A further worry: employers, graduate schools and professional programs such as law and medicine might have trouble identifying and admitting the strongest students who were graded in a pass/fail system. To address this worry, we could endorse a mixed system, like the one at NUS, where students begin their degrees under pass/fail grading and then switch in later years to tiered grading. They’d be eased into the post-secondary environment but assessed with sharper discrimination in the end. More radically, if we endorse pass/fail grading for the entirety of students’ degrees, we could argue that graduate schools and professional programs should simply base their admissions entirely on qualitative measures such as a writing sample and letter of intent.

In my view, pass/fail grading has the potential to revitalize universities. If students were to unlearn the GPA grind, becoming more friendly to risk, they’d be more apt to value learning as intellectual and ethical self-cultivation. Then, because they were experiencing education as an open-ended, personal endeavour, they would move organically into programs appropriate to their skills and interests; ideally, they’d be aided by the guidance of their advisers.

Think of it as a video game. When I decided to stop playing Dark Souls, the action role-playing game lauded for its extreme difficulty, I knew my feeble motor skills and feverish nervous energy were no match for the game’s first boss battle (a special fight with a tough opponent in a video game). A moment’s introspection was enough to tell me that the game wasn’t for me, no 4.0-point system necessary. Instead, I found The Legend of Zelda: Breath of the Wild to be more my speed; it offers the player respite from the monster fights with lush sweeping vistas and scintillating puzzles. All you have to do to find the right game is examine your own pleasure and performance; there’s no need to rely on an external authority’s measure of epic gamer points. People play video games to enjoy them and to achieve within the game’s bounds, not for the sake of wealth or prestige (except, of course, in the world of pro-gaming and livestreaming).

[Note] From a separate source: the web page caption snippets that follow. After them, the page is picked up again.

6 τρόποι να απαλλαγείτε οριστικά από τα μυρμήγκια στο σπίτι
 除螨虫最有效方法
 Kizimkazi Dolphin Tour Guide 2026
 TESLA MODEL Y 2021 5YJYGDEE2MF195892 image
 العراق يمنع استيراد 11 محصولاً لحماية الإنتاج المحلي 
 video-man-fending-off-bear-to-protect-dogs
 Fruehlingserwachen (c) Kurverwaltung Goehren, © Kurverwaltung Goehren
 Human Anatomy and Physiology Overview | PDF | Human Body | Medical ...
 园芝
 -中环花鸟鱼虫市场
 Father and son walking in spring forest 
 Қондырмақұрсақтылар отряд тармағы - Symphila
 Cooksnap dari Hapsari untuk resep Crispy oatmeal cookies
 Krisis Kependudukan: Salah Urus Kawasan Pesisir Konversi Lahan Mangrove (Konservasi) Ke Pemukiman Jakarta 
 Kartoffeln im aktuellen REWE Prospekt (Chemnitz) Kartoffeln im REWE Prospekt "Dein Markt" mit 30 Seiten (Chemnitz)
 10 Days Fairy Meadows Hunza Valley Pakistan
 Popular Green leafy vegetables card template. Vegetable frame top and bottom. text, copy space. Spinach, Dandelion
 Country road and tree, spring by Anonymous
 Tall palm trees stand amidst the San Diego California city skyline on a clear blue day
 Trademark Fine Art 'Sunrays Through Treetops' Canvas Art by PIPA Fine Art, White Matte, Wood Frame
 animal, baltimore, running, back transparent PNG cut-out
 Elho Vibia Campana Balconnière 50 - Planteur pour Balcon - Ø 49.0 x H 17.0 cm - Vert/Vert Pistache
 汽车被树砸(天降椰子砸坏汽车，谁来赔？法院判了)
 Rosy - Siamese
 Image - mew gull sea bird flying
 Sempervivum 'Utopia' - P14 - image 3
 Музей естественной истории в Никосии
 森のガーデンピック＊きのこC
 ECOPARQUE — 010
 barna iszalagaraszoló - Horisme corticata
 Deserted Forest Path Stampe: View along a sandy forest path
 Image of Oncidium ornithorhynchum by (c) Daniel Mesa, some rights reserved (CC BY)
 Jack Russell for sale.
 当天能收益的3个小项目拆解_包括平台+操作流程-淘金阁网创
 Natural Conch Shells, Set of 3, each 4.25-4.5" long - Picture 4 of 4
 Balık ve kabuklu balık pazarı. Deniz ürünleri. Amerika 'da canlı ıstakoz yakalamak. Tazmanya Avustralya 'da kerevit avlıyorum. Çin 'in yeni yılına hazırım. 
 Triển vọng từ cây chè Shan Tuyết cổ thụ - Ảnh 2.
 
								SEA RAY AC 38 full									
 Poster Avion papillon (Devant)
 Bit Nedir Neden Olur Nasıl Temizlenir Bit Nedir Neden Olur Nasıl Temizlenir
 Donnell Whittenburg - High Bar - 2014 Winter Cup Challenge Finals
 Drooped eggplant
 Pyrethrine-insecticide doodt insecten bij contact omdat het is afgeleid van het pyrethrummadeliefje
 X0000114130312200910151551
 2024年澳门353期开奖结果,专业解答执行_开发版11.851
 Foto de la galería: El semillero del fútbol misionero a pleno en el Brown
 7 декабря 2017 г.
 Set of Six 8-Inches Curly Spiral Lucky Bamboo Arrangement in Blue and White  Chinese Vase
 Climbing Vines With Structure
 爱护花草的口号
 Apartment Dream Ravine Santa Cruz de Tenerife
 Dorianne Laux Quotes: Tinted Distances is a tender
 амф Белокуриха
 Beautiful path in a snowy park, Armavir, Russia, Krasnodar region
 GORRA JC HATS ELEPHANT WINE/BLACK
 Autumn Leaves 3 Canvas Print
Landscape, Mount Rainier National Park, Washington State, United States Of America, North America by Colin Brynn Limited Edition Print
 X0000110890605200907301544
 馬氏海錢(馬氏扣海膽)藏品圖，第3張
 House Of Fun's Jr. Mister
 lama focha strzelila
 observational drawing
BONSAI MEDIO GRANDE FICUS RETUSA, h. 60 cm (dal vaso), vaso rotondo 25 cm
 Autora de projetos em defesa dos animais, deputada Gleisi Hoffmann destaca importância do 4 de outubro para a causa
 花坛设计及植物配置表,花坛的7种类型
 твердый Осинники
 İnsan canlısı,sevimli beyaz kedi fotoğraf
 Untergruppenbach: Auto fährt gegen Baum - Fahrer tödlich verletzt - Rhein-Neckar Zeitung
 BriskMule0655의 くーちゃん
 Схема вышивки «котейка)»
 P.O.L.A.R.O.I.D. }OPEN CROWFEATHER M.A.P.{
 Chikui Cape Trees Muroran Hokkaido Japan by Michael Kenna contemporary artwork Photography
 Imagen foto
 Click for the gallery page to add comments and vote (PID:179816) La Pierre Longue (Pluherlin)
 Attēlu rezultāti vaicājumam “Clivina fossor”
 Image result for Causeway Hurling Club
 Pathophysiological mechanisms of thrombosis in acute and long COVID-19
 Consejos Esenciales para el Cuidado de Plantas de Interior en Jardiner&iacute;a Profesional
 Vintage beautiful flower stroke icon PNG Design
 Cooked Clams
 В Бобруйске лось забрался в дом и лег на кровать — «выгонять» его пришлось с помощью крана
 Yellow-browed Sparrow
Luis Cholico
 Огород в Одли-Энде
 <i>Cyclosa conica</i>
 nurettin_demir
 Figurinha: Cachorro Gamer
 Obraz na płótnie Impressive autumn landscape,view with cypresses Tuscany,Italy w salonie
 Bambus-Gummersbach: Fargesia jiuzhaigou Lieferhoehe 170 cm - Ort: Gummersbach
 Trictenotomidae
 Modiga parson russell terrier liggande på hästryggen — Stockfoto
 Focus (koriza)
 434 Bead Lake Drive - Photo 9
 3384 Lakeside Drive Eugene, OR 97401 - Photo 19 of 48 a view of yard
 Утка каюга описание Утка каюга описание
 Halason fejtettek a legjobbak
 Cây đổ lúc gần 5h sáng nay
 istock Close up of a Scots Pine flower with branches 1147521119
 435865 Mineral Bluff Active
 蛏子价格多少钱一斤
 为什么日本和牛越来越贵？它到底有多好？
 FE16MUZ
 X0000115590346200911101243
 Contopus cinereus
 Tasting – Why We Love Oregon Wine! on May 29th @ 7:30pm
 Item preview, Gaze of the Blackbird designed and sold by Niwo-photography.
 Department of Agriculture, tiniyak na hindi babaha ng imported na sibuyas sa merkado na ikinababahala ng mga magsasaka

And so it could be with higher education. Grades are nothing, really, but markers for academic performance, a shorthand to tell students what they’re good at and to encourage them to stick to it. With a more robust intellectual culture, this shorthand wouldn’t be necessary. Students would have a stronger sense of their academic strengths and interests, gravitating to where they’d be most successful and satisfied. If high grades played a diminished role in students’ entry into professional study, they would be more confident and willing to switch into the program of study that’s right for them.

Moreover, freed from the demands of fine-grained, point-based assessment for tiered grades, instructors could ditch the multiple-choice exams and experiment with alternative assessment practices designed to foster students’ intellectual development. Education scholar David Boud argues that students deepen their learning through ongoing reflection, drawing on knowledge to meet specific problems, assessing themselves and their peers, and revising their work. These forms of assessment look more like the norms of academic peer review and many workplaces. Once we let go of tiered grading, a whole new world of profound education opens up.

To consolidate this vision, the culture of higher education would have to change radically. The powers that be would have to abandon the dominant neoliberal conception of education’s goal as preparation for the labour market and adopt a conception of education as a public good, part of a healthy life and society. A tall order, to be sure, but what better time to rethink our values than now, when so much has changed in higher education and everywhere else? It’s up to universities and the governments that fund them to decide whether they want to stick with the status quo or take a risk on a promising alternative. And it’s up to us, the public, to demand that our universities and governments answer this question: are you fine with number crunchers, or do you want earnest learners?


This article appears in print in the 2021 University Rankings issue of Maclean’s magazine with the headline, “It’s time to go gradeless.”